Afin d'éviter une lésion irréversible des sphincters (fistulotomie contre indiquée), on propose un traitement par laser. Cette intervention n'est jamais réalisée en urgence, ou au stade d'abcès.

 

Principes : 

Une fibre laser est introduite dans le trajet fistuleux.

L’énergie délivrée permet de :

  • Détruire le tissu inflammatoire

  • Fermer progressivement le trajet de l’intérieur

Les avantages du laser

  • Technique mini-invasive

  • Préservation du sphincter anal

  • Très faible risque d’incontinence

  • Suites simples et peu douloureuses

  • Reprise rapide des activités

  • Réalisation en hospitalisation ambulatoire

Les limites du traitement

Comme toute technique, le laser présente certaines limites :

  • Taux de récidive d'environ 50%

  • Nécessité parfois de plusieurs interventions

  • Indication dépendant du type de fistule et la localisation par rapport aux sphincters

Une évaluation précise est donc indispensable avant de proposer cette technique.

Parcours de soins

Consultation

Le patient est adressé au chirurgien par son médecin traitant sauf en cas d'urgence où la prise en charge passe par les le service d'accueil des urgences directement.

Après explication de la pathologie le chirurgien remet au patient une fiche d’information et un consentement éclairé à signer avant l'intervention

Hospitalisation ambulatoire 

Intervention chirurgicale 

L’intervention est réalisée au bloc opératoire sous anesthésie générale et dure environ 20 minutes.

Période postopératoire 

Après une à deux heures en salle de réveil, le patient est transféré dans sa chambre.
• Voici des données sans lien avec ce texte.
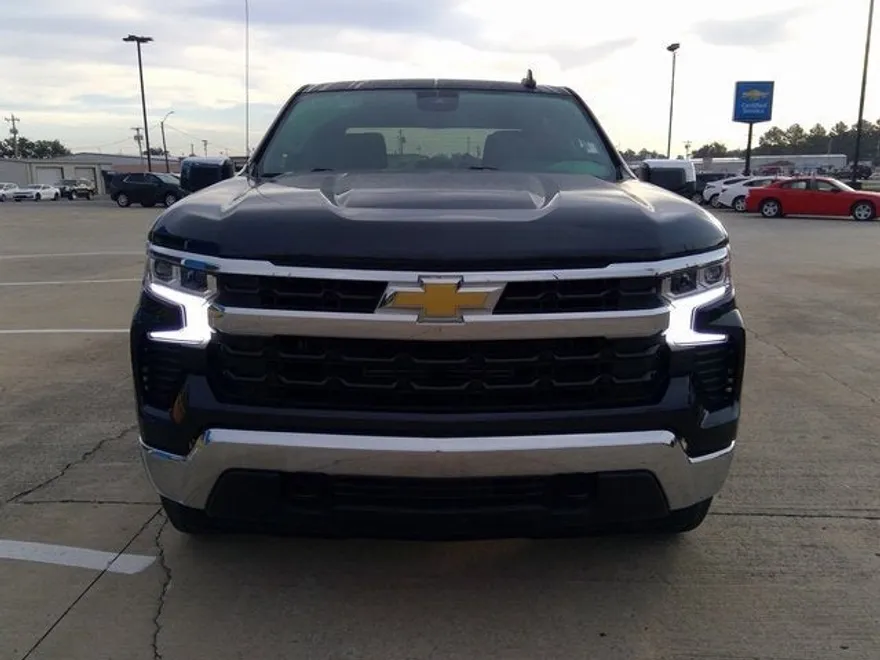 2023 Chevrolet Silverado 1500 LT photo 1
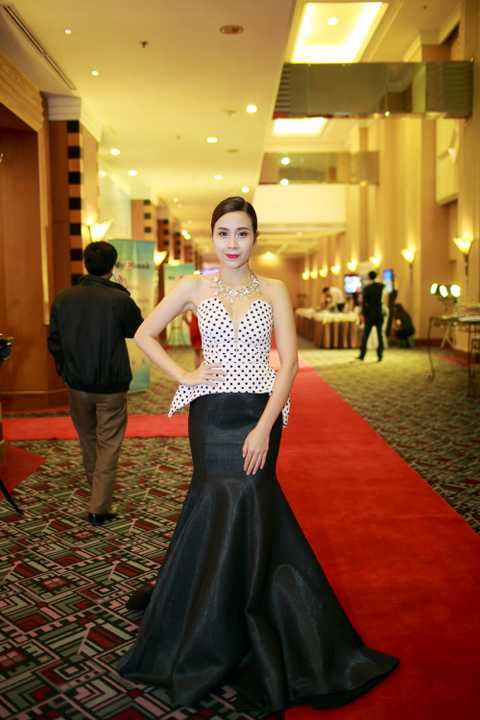 Vào thời điểm đó, Hồ Hoài Anh đã là một nhạc sỹ tên tuổi với nhiều bài hát được yêu thích và có phòng thu riêng của mình. Còn Lưu Hương Giang chỉ là gương mặt mới nổi chưa tạo được chỗ đứng vững chắc trên thị trường âm nhạc.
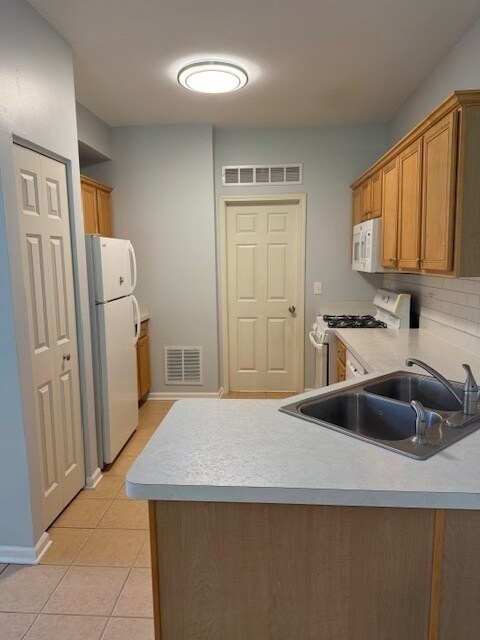 Building Photo - 216 Brompton Ln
Boissons et alimentation sont reprises le jour de l’intervention, tout comme le lever et la marche. Une fois la visite postopératoire réalisée par le chirurgien, le patient rentre à domicile, avec un accompagnant.

Retour à domicile 

Le patient est autorisé à quitter le service d’hospitalisation après validation par le chirurgien.

En quittant le service, l’infirmière transmettra au patient :

  • Les papiers administratifs de sortie,
  • le compte-rendu d’hospitalisation et le compte-rendu opératoire,
  • les modalités d’un traitement antalgique,
  • un arrêt de travail,
  • un bon de transport si nécessaire,
  • un rendez-vous de consultation postopératoire et les consignes à suivre.
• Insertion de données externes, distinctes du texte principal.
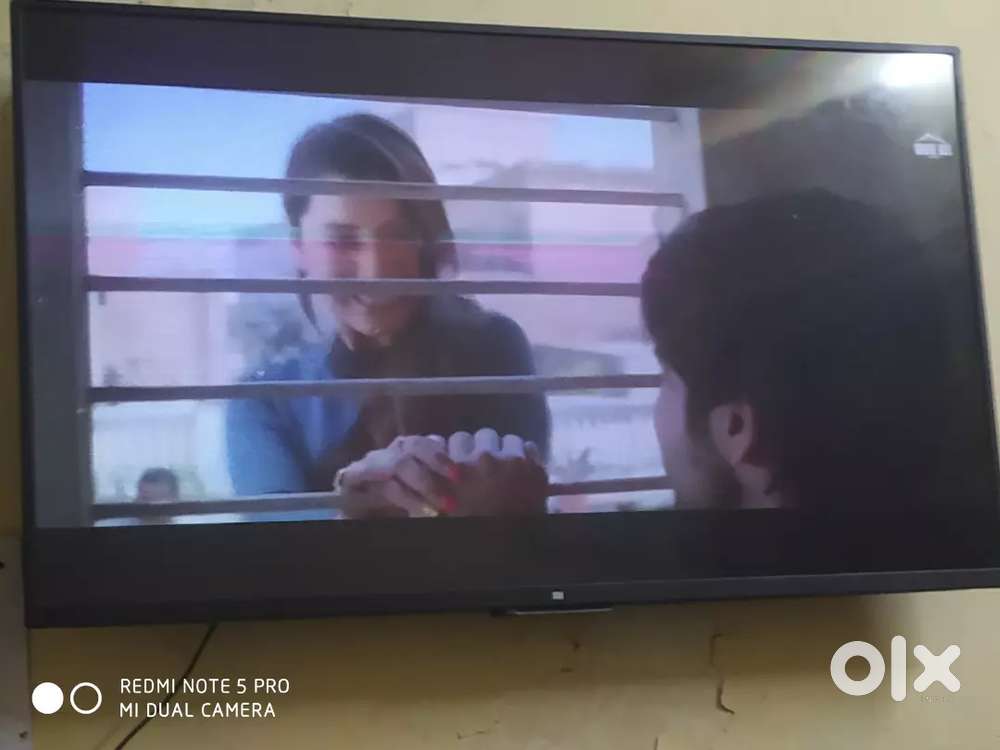 Mi tv 50 inches urgently selling shifting another state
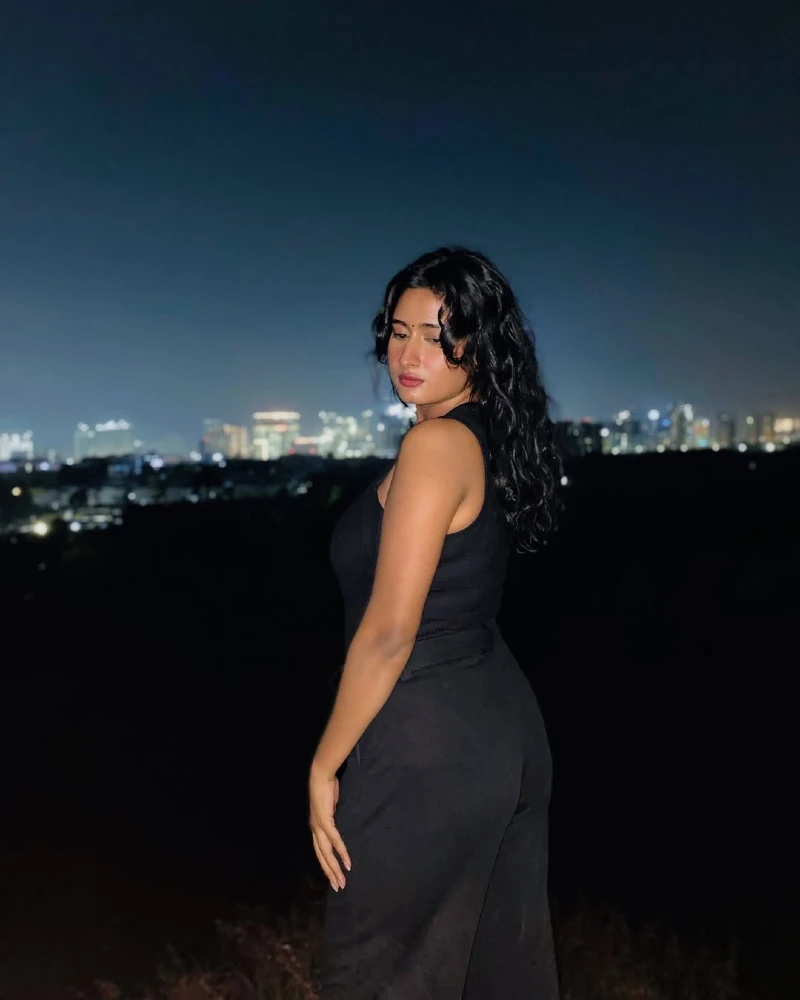 Urban Skyline Silhouette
Consultation postopératoire

La consultation postopératoire est réalisée environ 4 semaines après l'intervention et permet de s’assurer de l’absence d’anomalie suite à l’opération et vérifier l'efficacité du traitement sur les douleurs.
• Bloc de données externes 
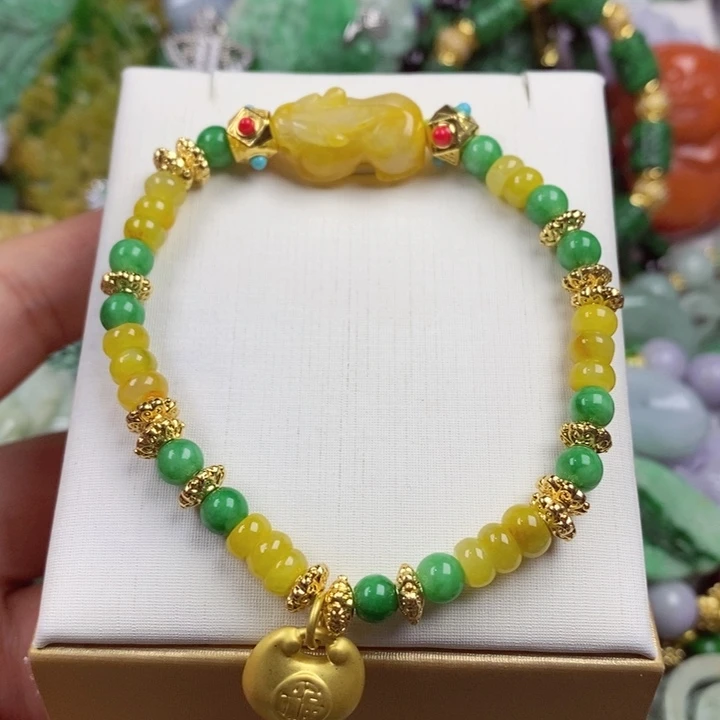 翡翠未镶嵌吊坠(赠链)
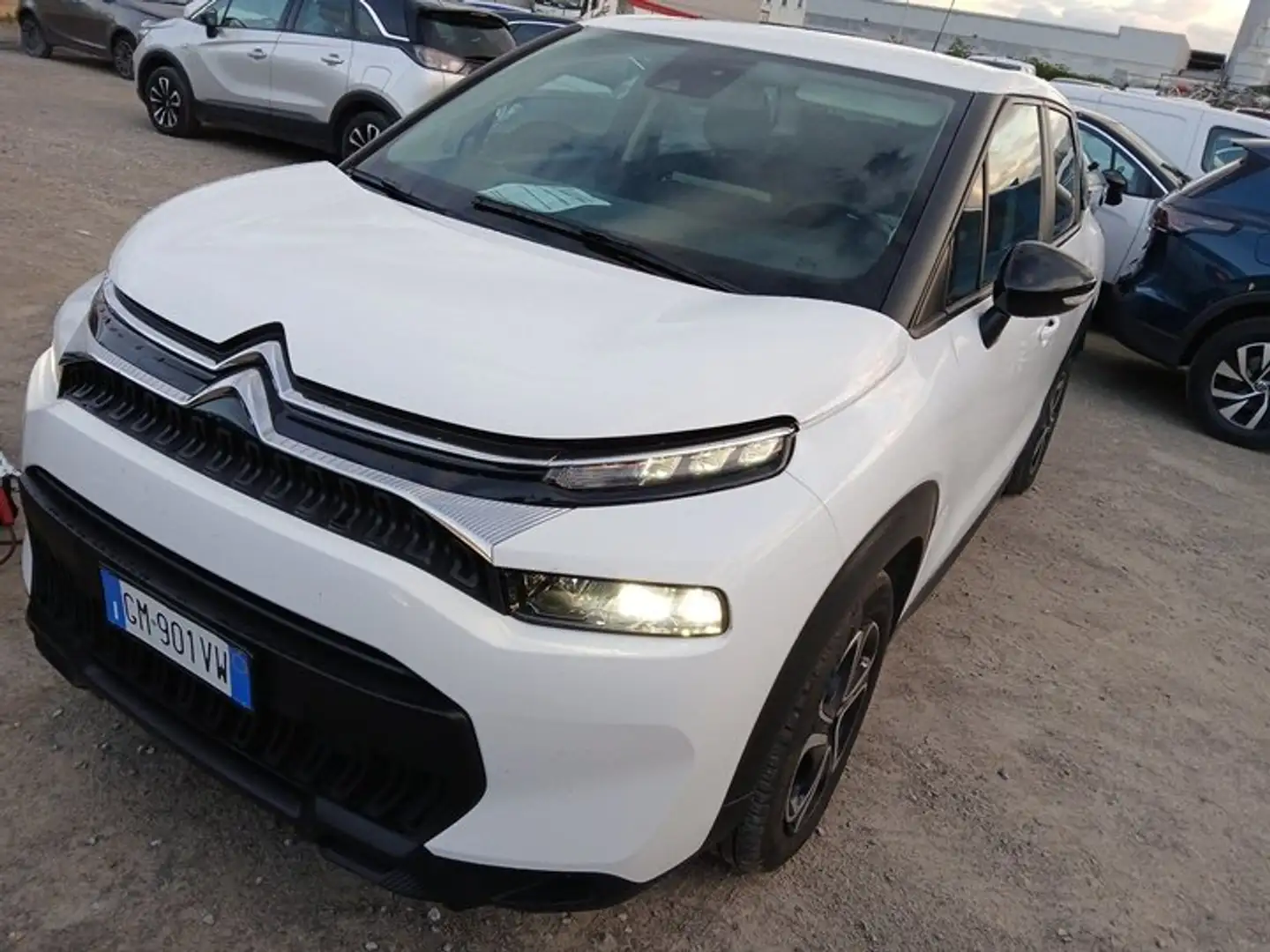 Citroen C3 Aircross NEOPATENTATI C3 Aircross 1.2 Live TG : GM901VW Blanc - 2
Au moindre problème postopératoire, il est nécessaire de contacter le chirurgien afin qu’une éventuelle complication soit détectée et traitée rapidement.

Risques - complications
  • Infection : la survenue est souvent un signe d'échec du traitement
  • Récidive : selon les techniques chirurgicales, le taux de récidive se situe autour de 50% pour les techniques conservatrices. En cas de fistulotomie, le taux de récidive chute.